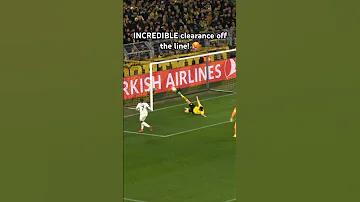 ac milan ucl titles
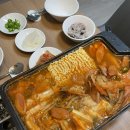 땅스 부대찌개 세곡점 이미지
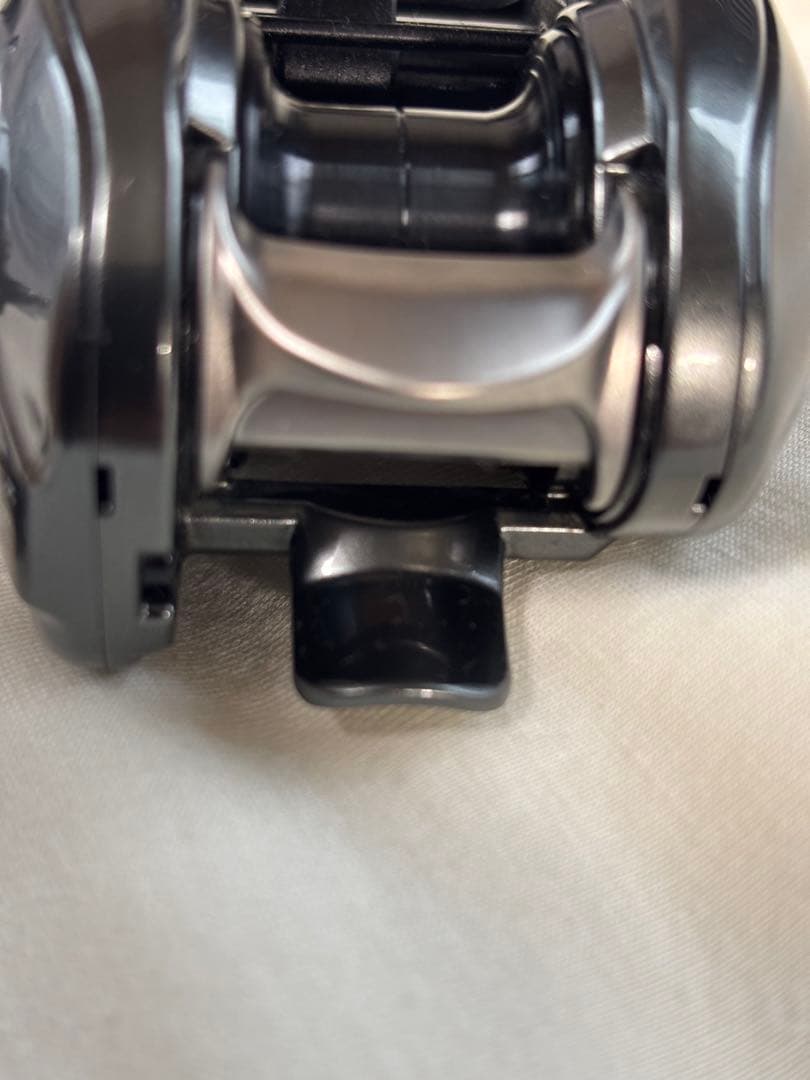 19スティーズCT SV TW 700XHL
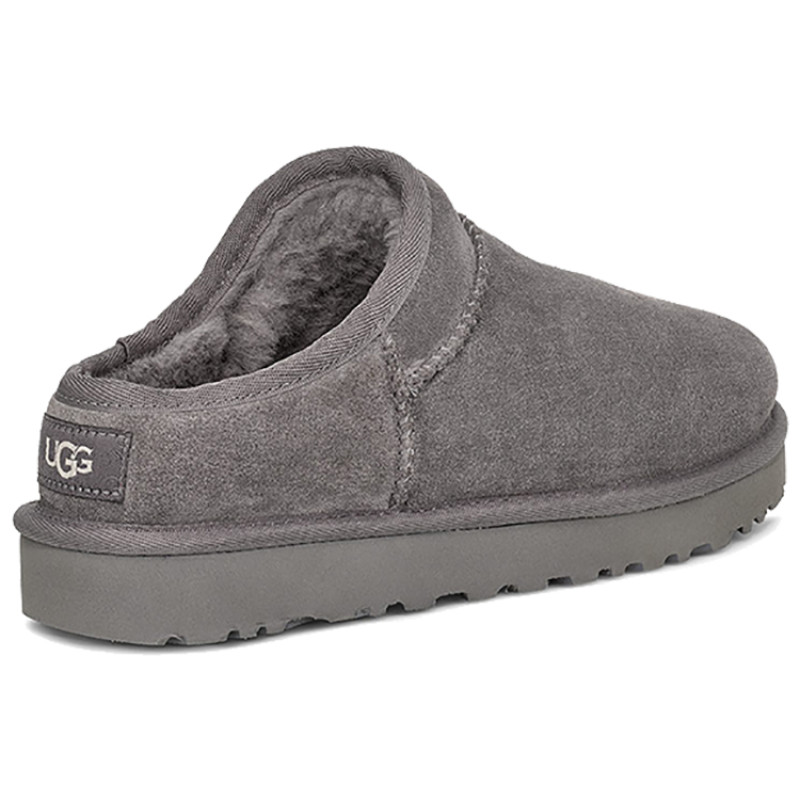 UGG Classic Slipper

...

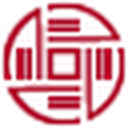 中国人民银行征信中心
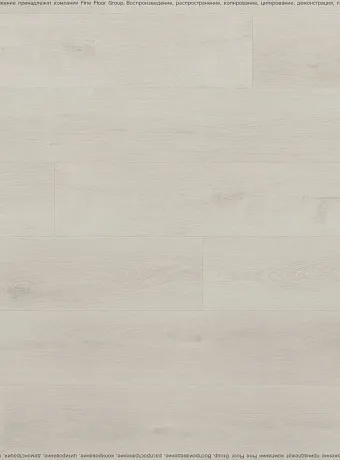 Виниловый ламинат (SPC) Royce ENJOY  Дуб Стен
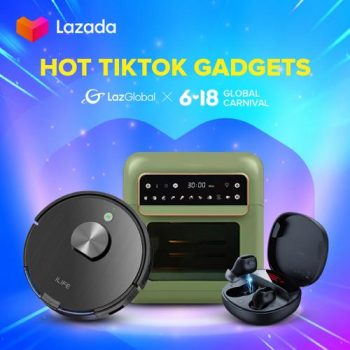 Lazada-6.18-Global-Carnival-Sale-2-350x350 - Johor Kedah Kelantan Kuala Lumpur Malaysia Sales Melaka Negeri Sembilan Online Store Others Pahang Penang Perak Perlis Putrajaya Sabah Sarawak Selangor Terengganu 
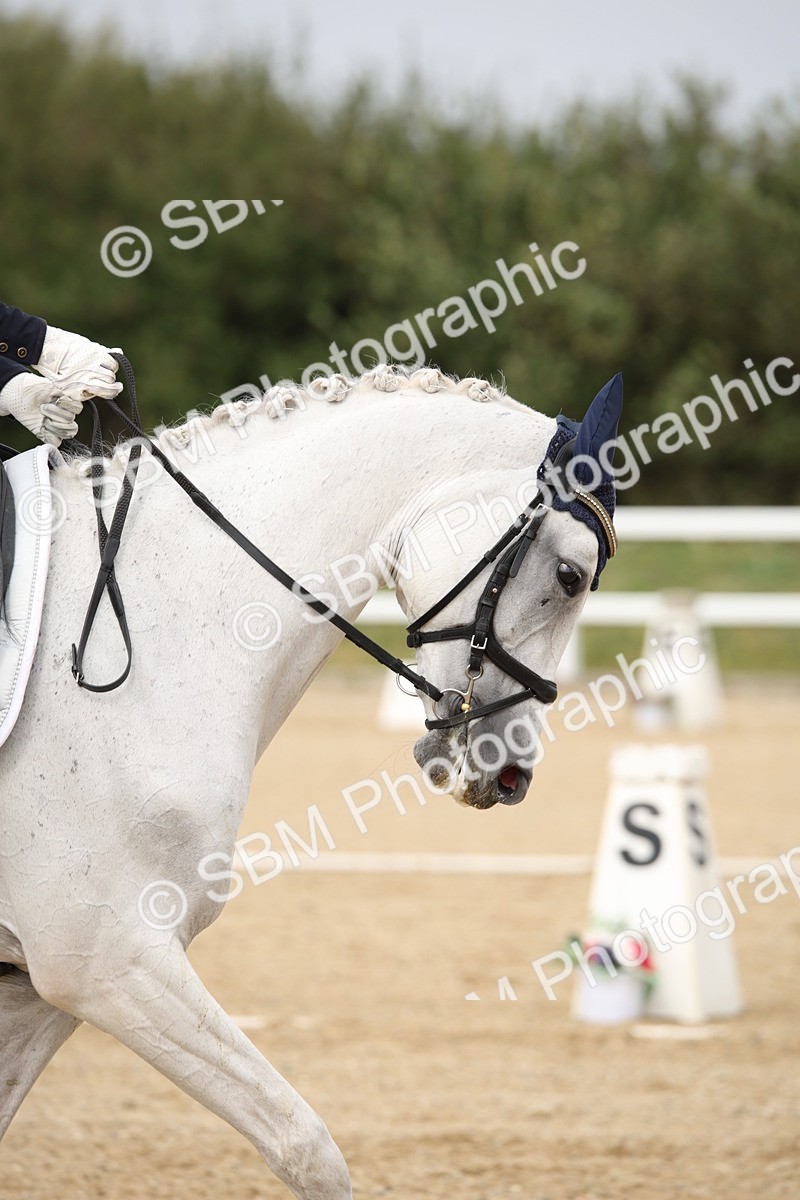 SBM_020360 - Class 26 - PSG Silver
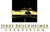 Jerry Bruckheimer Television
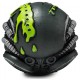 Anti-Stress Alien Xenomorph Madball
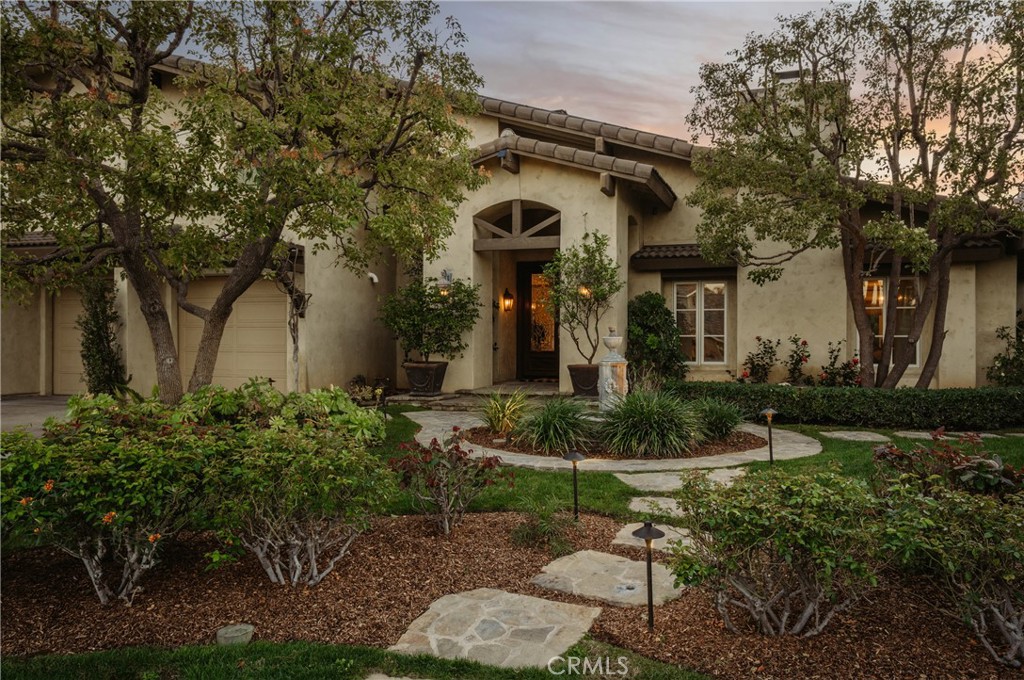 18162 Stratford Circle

• **What to work on**
In the listing above, find the line containing "ac milan ucl titles" and the line containing "UGG Classic Slipper". Print those two lines and every line between them exactly, with no pictures.

• **Solution**
 ac milan ucl titles
 땅스 부대찌개 세곡점 이미지
 19スティーズCT SV TW 700XHL
 UGG Classic Slipper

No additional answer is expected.